Research shows that our zip code can be just as important as our genetic code (DNA) in shaping our health. Where we live, work and learn affects our opportunities for physical activity, access to healthy and affordable foods, potential for social engagement and support, and exposure to stressful circumstances.

In order to better understand how place affects breast cancer survivors, our UCSF team is looking at a wide variety of attributes of the neighborhoods where members of the Pathways Breast Cancer Survivorship Study live. Using a process called geocoding (pinpointing an address on a map), we gather data to describe a place. We have information about many aspects of the neighborhoods where study participants live, including income, employment, education, home value, racial/ethnic composition, housing (crowding), and commuting patterns of residents within the neighborhood, in addition to walkability, traffic density, businesses/mixed land use, availability and quality of food, recreational facilities, and parks.

As people move, we want to look at the impact of different neighborhoods. So we are linking participants’ data to any new addresses across the duration of the study. We are also asking new questions about how our members live in and view their neighborhoods as part of the Pathways 6-year follow-up survey. We want to know how they define their neighborhoods, what resources are available and if they use them, and other characteristics that can be supportive of or harmful to health (e.g., interactions with neighbors, litter, safety).
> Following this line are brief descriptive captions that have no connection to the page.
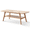 Oak | 47.2"W, variant on Hassch 2-Tier Coffee Table, 31.5" Solid Wood Cocktail Table with Open Shelf, Center Table for Living Room, Easy Assembly, Oak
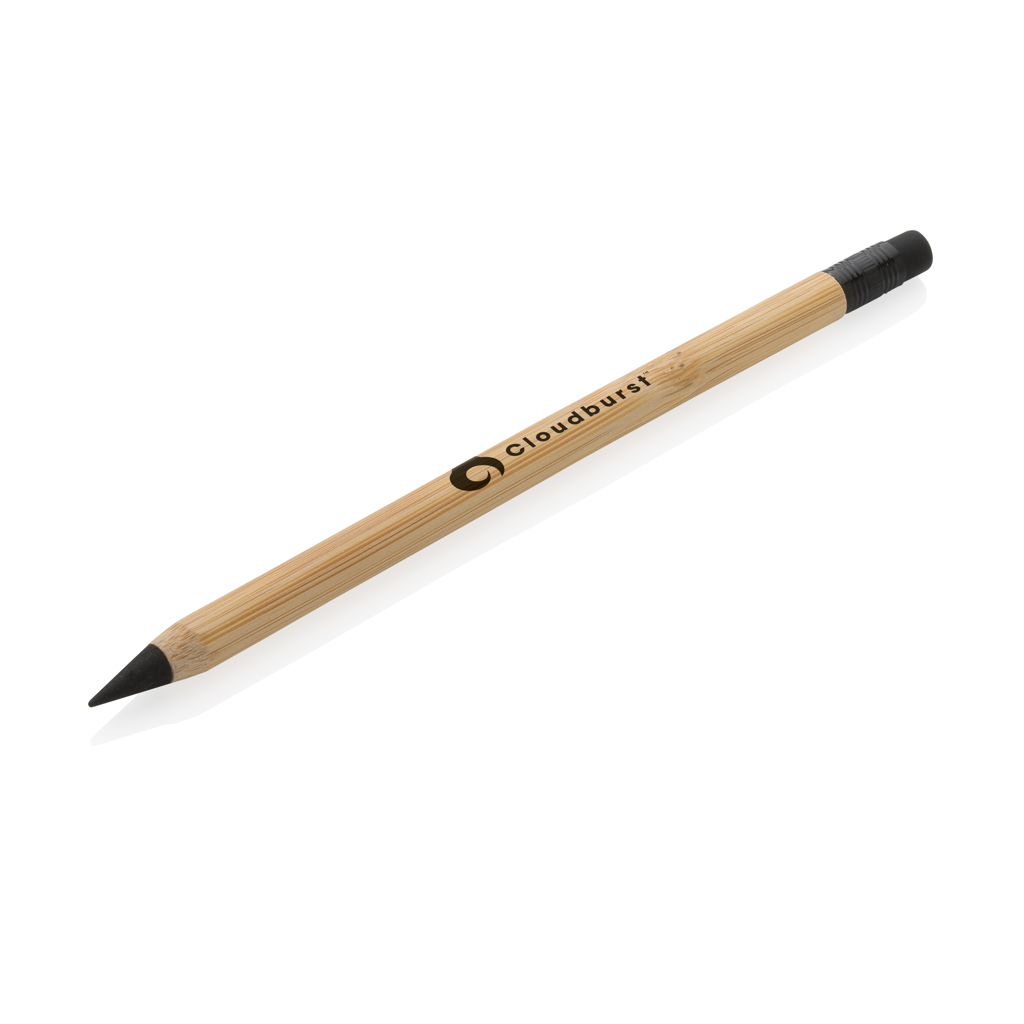 XD Collection Bambus Infinity-Stift mit Radiergummi, FSC-zertifiziert, gravier- und bedruckbar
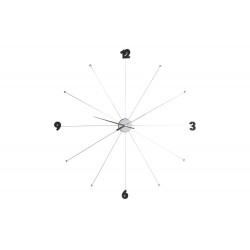 Wall clock Like Umbrella Chrome, D-100x6cm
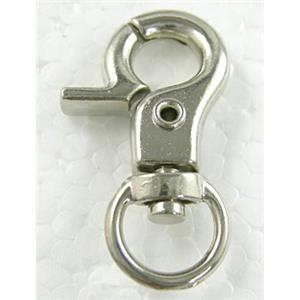 Keychain clasp, Platinum Plated, 23x45mm [FDC128PP]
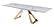 Orleans Extension Dining Table in White Ceramic & Gold by J&M Furniture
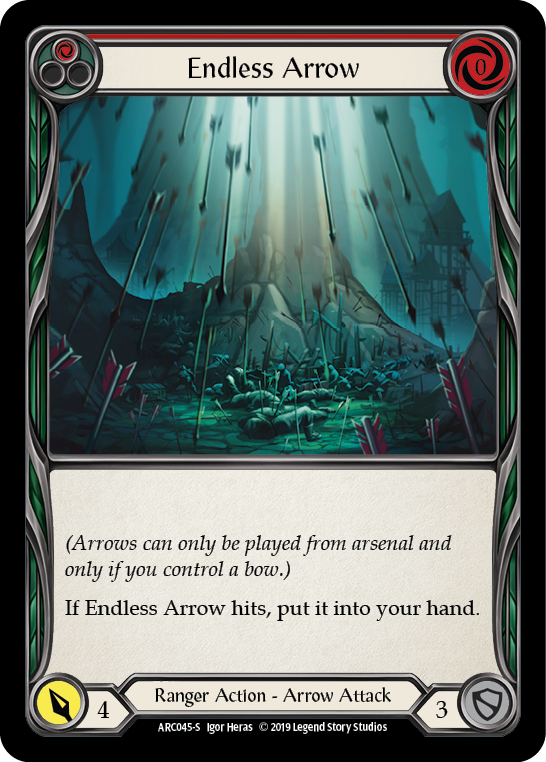 Endless Arrow [ARC045-S] (Arcane Rising)  1st Edition Rainbow Foil | Chromatic Games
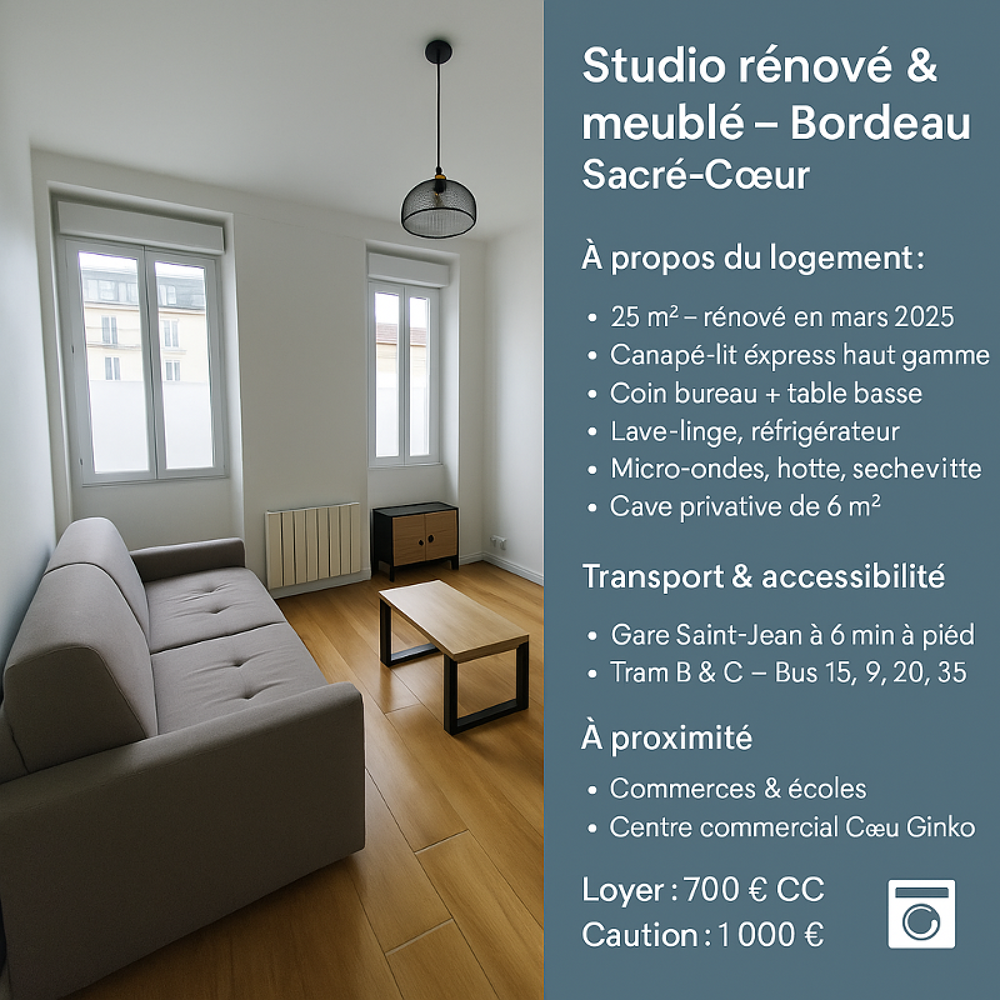 Location Appartement Appartement Studio Bordeaux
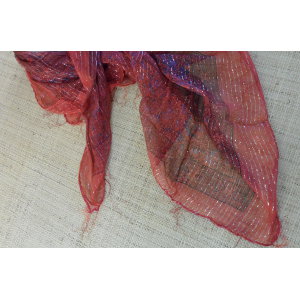 Foulard Hyderabad rouge ponceau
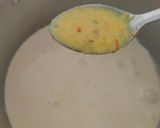 A picture of step 5 of Rasmalai Cake (eggless).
Our team is also using satellite images (Google Street View) to gather more data on the conditions of neighborhoods. We are looking at the conditions of sidewalks, pedestrian safety and aesthetics. Bringing all of these data sources together, we will be able to examine how neighborhoods impact health.

This part of the Pathways Study should help us to better understand how we can change neighborhoods or how people interact with their neighborhoods to improve the length and quality of life after breast cancer diagnosis and treatment. Understanding which neighborhood features influence health and wellness is critical for developing interventions to improve health and reduce disparities. This work will ultimately allow us to create healthier neighborhood environments for survivors and all other residents.